Supplied material:
*** Begin section ***

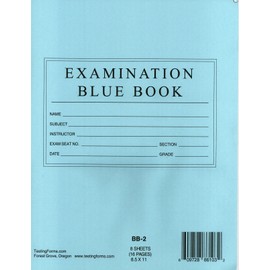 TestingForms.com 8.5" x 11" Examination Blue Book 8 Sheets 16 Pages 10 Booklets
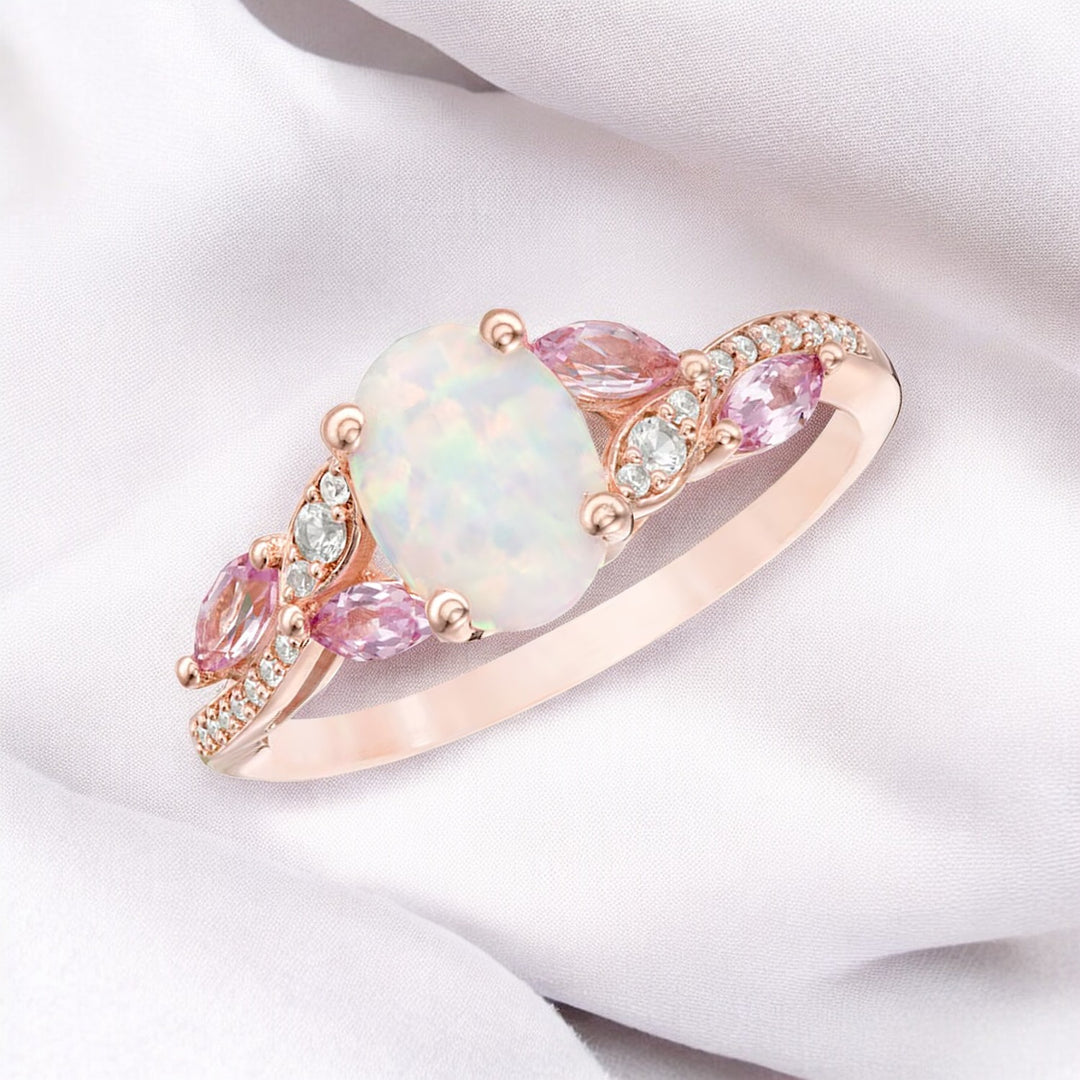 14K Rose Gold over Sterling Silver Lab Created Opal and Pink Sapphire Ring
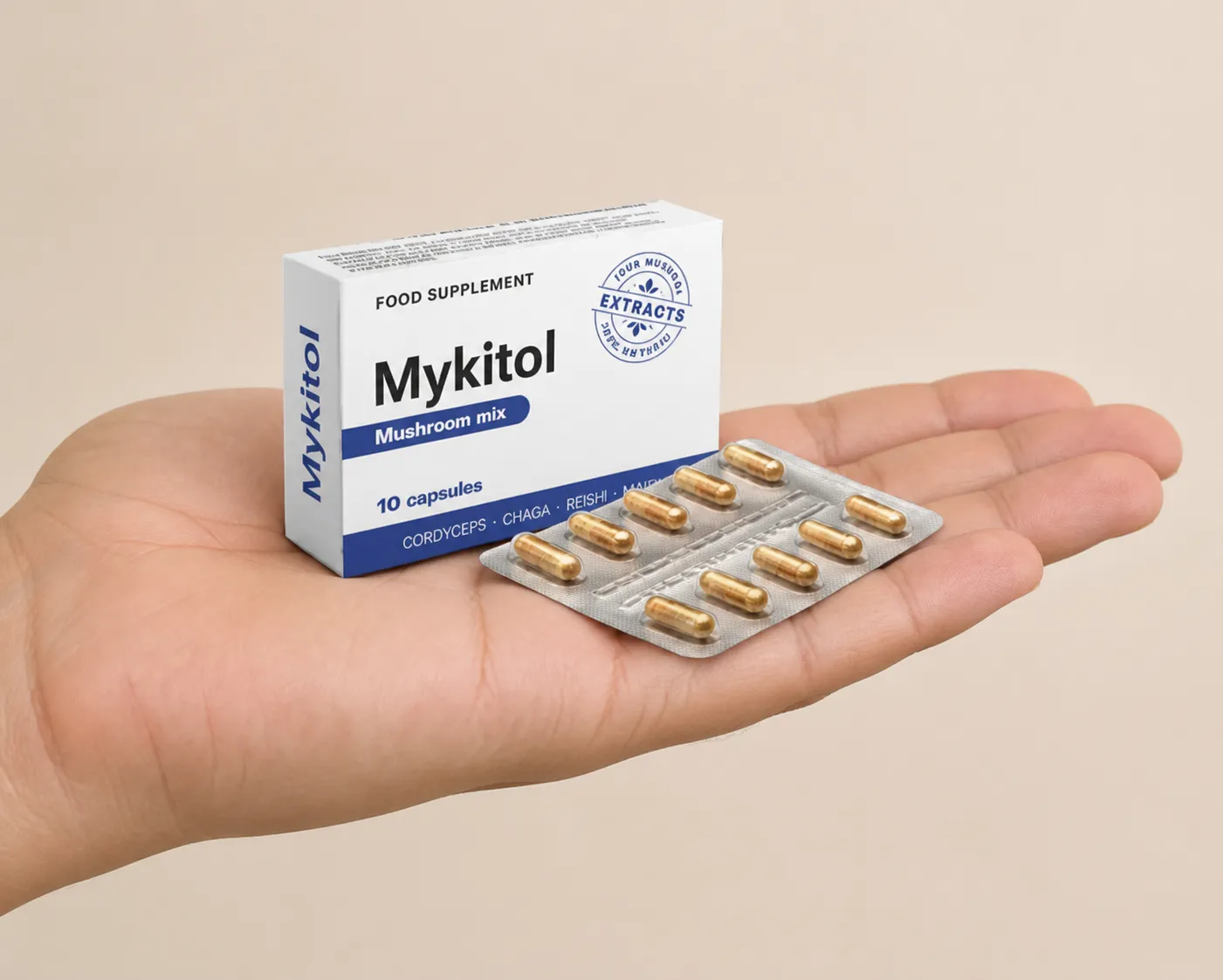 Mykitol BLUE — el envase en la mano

*** End section ***

Aim of the task:
The expected output is every line of the data, unchanged, with the pictures skipped.

Answer section:
 TestingForms.com 8.5" x 11" Examination Blue Book 8 Sheets 16 Pages 10 Booklets
 14K Rose Gold over Sterling Silver Lab Created Opal and Pink Sapphire Ring
 Mykitol BLUE — el envase en la mano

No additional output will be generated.